◆ RECORDS TO USE:
◇ ◇ ◇ ◇ ◇

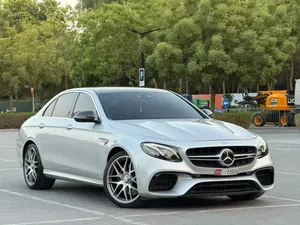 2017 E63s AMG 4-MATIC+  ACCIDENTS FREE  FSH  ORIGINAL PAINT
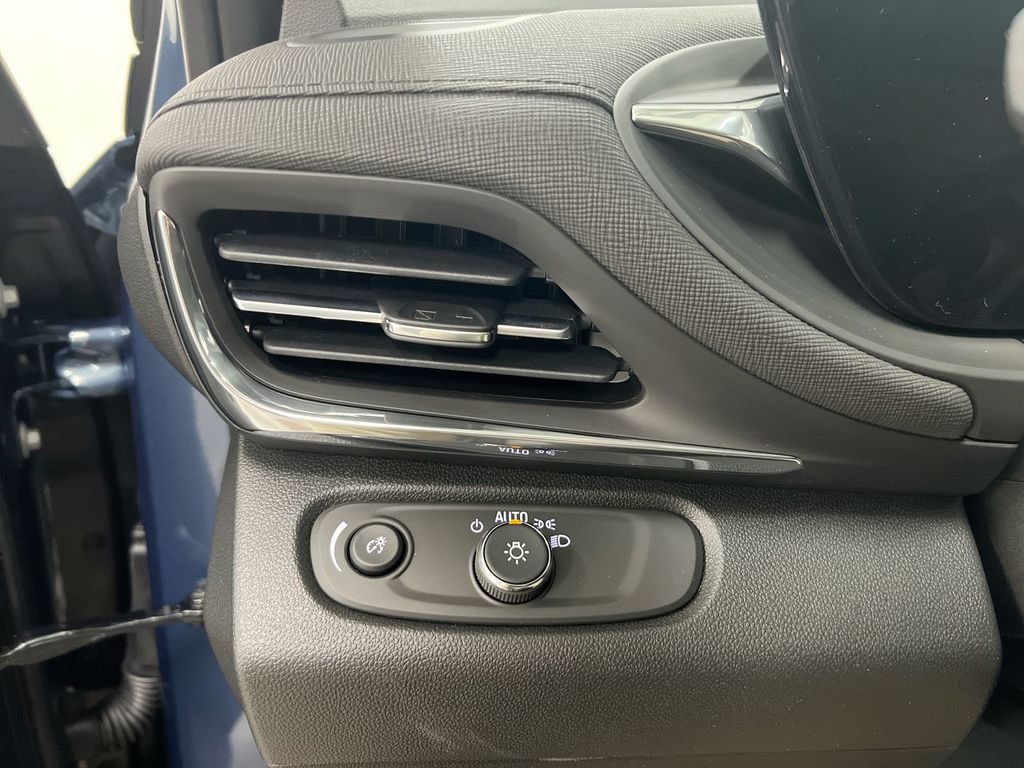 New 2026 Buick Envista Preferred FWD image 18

◇ ◇ ◇ ◇ ◇

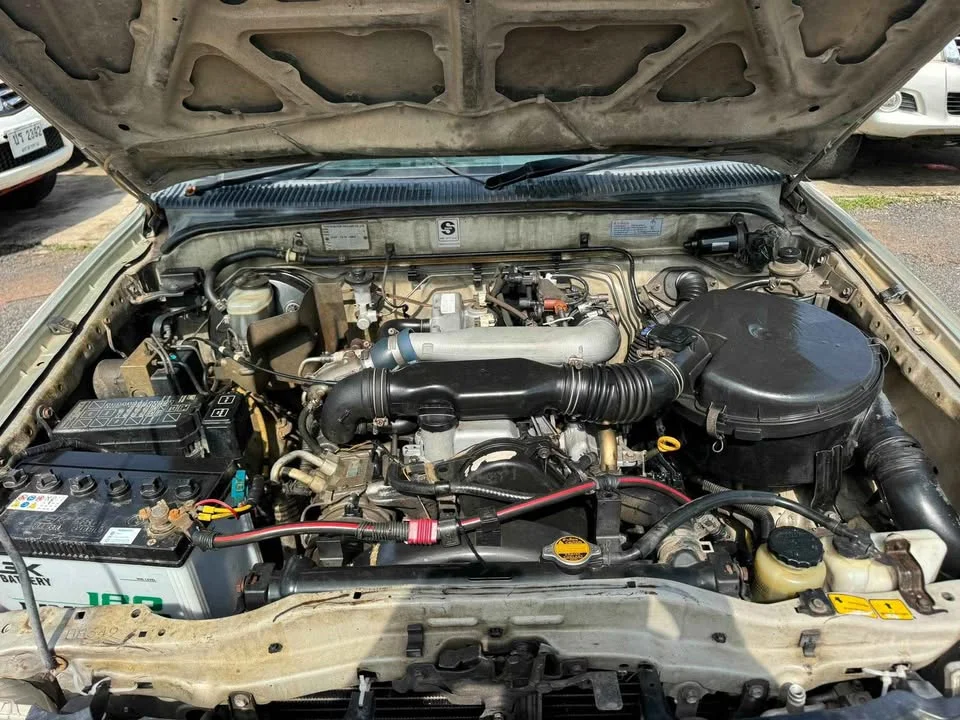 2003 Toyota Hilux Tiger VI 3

◇ ◇ ◇ ◇ ◇

◆ YOUR INSTRUCTIONS:
In the listing above, find the line containing "2017 E63s AMG" and the line containing "New 2026 Buick", then output those two lines and everything between them exactly as written, without the images.

◆ TASK ANSWER:
 2017 E63s AMG 4-MATIC+  ACCIDENTS FREE  FSH  ORIGINAL PAINT
 New 2026 Buick Envista Preferred FWD image 18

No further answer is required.